Integers and Floating-Point Numbers

Integers and Floating-Point Numbers

Integers and floating-point values are the basic building blocks of arithmetic and computation. Built-in representations of such values are called numeric primitives, while representations of integers and floating-point numbers as immediate values in code are known as numeric literals. For example, 1 is an integer literal, while 1.0 is a floating-point literal; their binary in-memory representations as objects are numeric primitives.

Julia provides a broad range of primitive numeric types, and a full complement of arithmetic and bitwise operators as well as standard mathematical functions are defined over them.
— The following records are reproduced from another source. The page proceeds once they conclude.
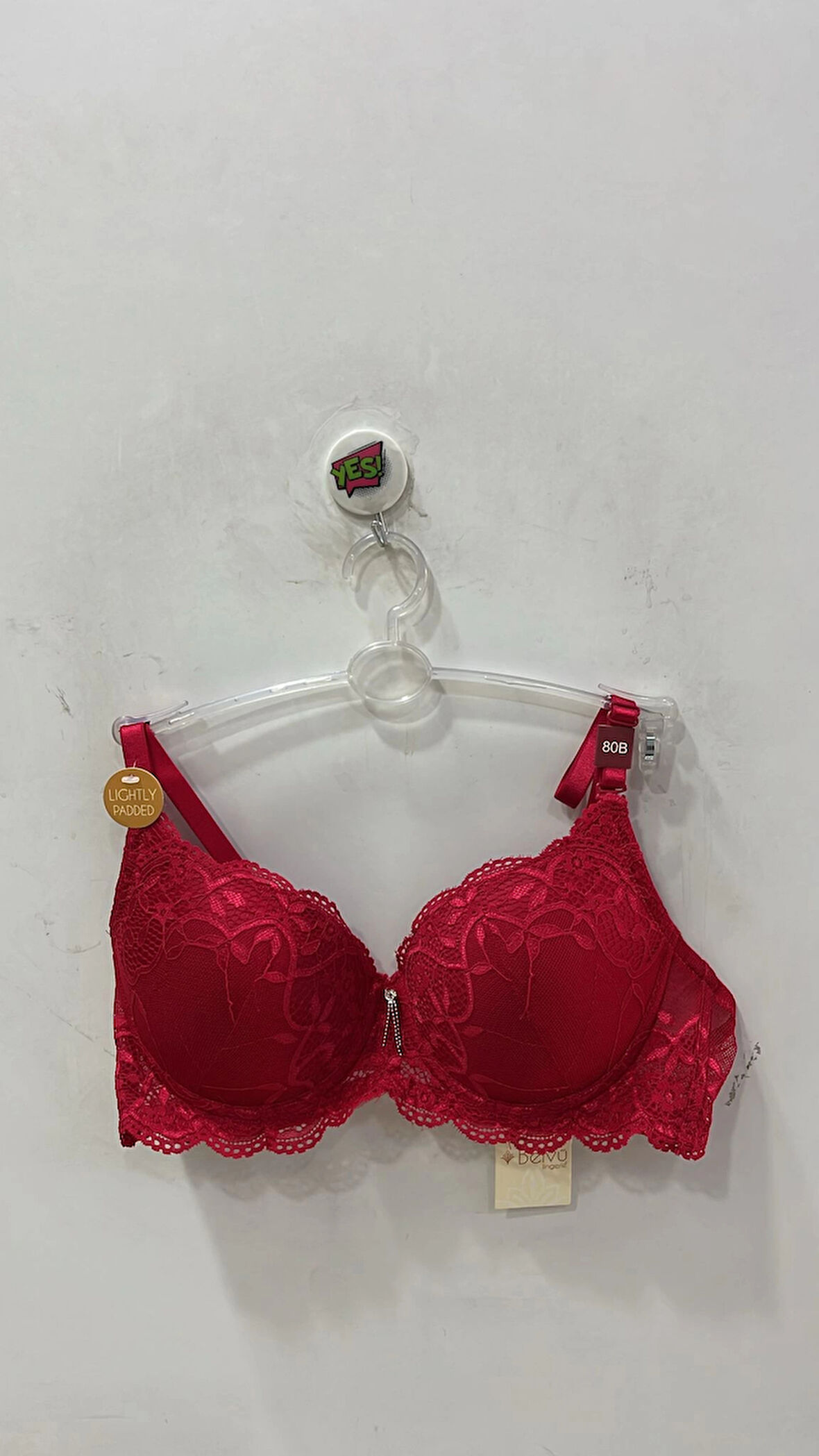 Kadın Dolgusuz Balenli Dantel Detaylı Kırmızı Sütyen – 1113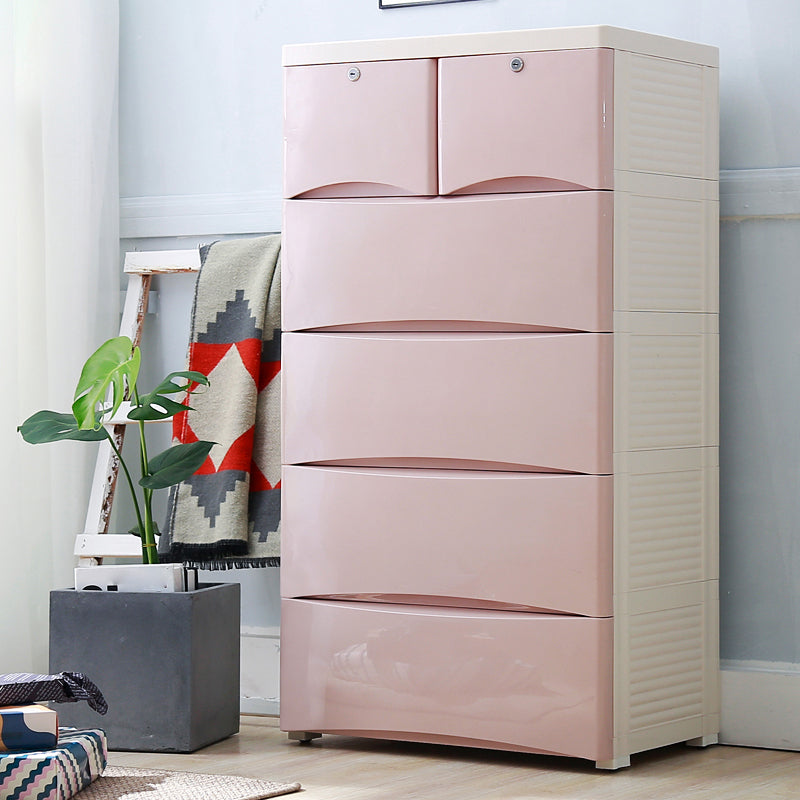 Contemporary Baby Dresser Plastic Dresser with Drawers for Kids Room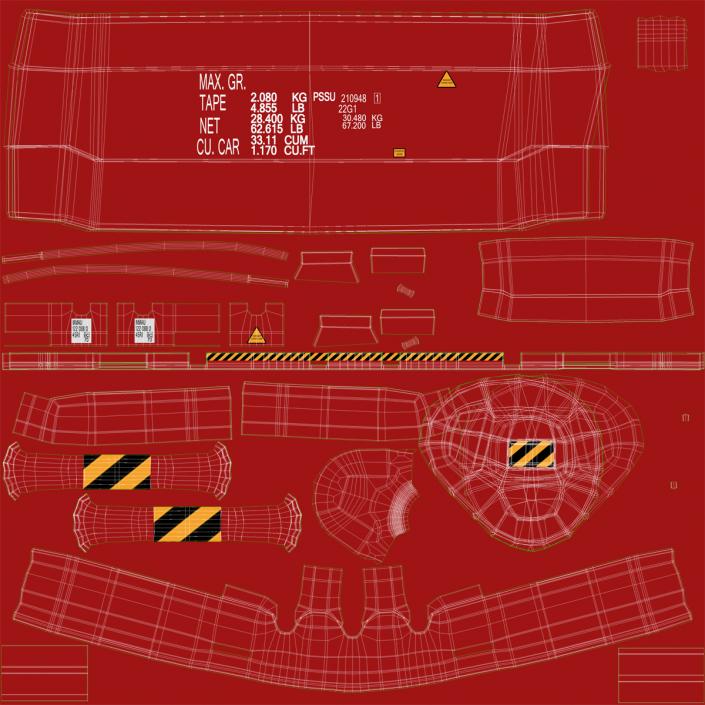 3D Flat Rack Container Red model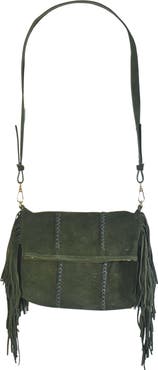Carlos Falchi Medium Fringe Suede Crossbody Messenger
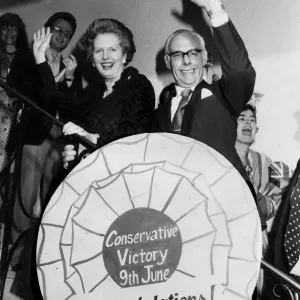 Margaret Thatcher and Denis Thatcher celebrate election victory at Tory party Margaret Thatcher and Denis Thatcher celebrate election victory at Tory party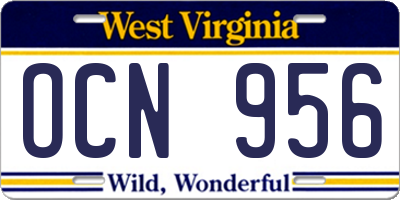 WV license plate OCN956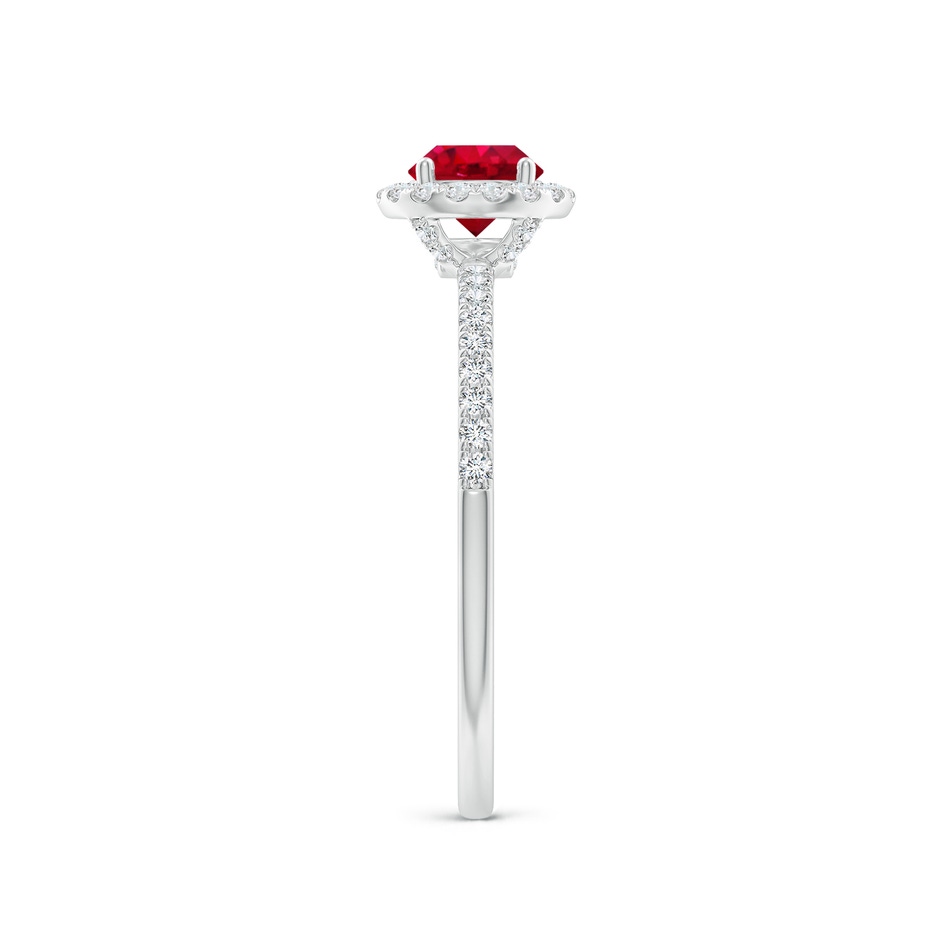 5mm AAA Round Ruby Classic Halo Engagement Ring in White Gold side 299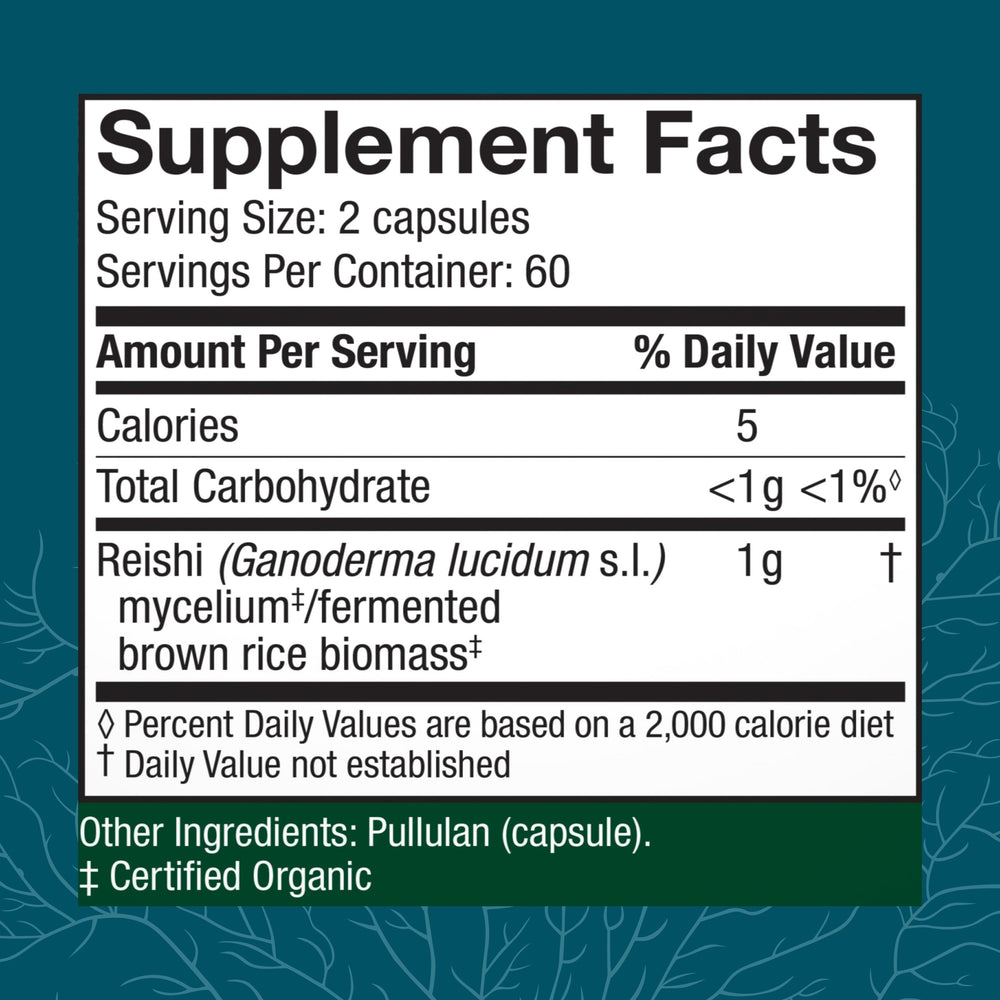 Host Defense Reishi capsules bottle back shows label details and usage guidance.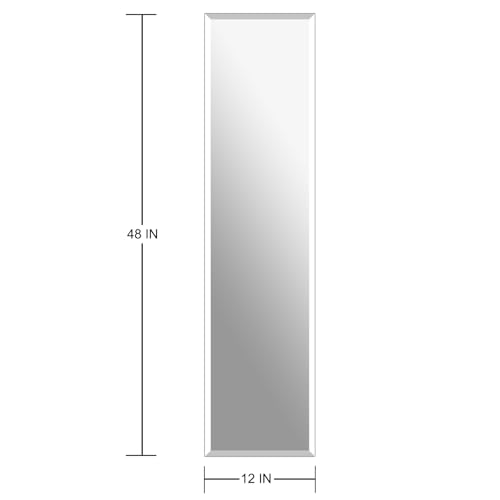 Ruomeng Frameless Full Length Mirror for Wall, 48x12 Inch Bathroom Vanity Mirror Farmhouse, Large Rectangle Mirror with Beveled Edge, Tempered Glass, Hangs Horizontally or Vertically - size: 48"L x 12"W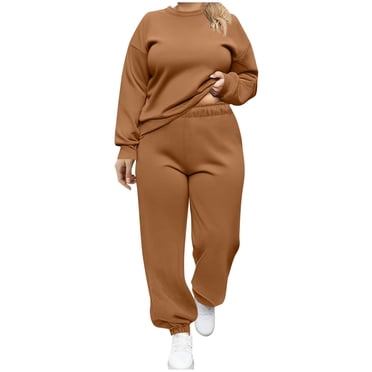 Erwazi Plus Size Tracksuit for Women Casual Crew Neck Long Sleeve Sweatshirt and Drawstring Joggers Sets 2 Piece Activewear Outfits with Pockets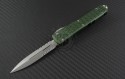 Microtech Knives OD Green Ultratech D/E Automatic OTF D/A Knife (3.44in Bead Blasted Part Serr ELMAX) 122-8OD-TRI - Front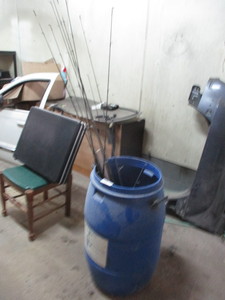 Barrel of fishing rods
These map directly onto numeric types and operations that are natively supported on modern computers, thus allowing Julia to take full advantage of computational resources. Additionally, Julia provides software support for Arbitrary Precision Arithmetic, which can handle operations on numeric values that cannot be represented effectively in native hardware representations, but at the cost of relatively slower performance.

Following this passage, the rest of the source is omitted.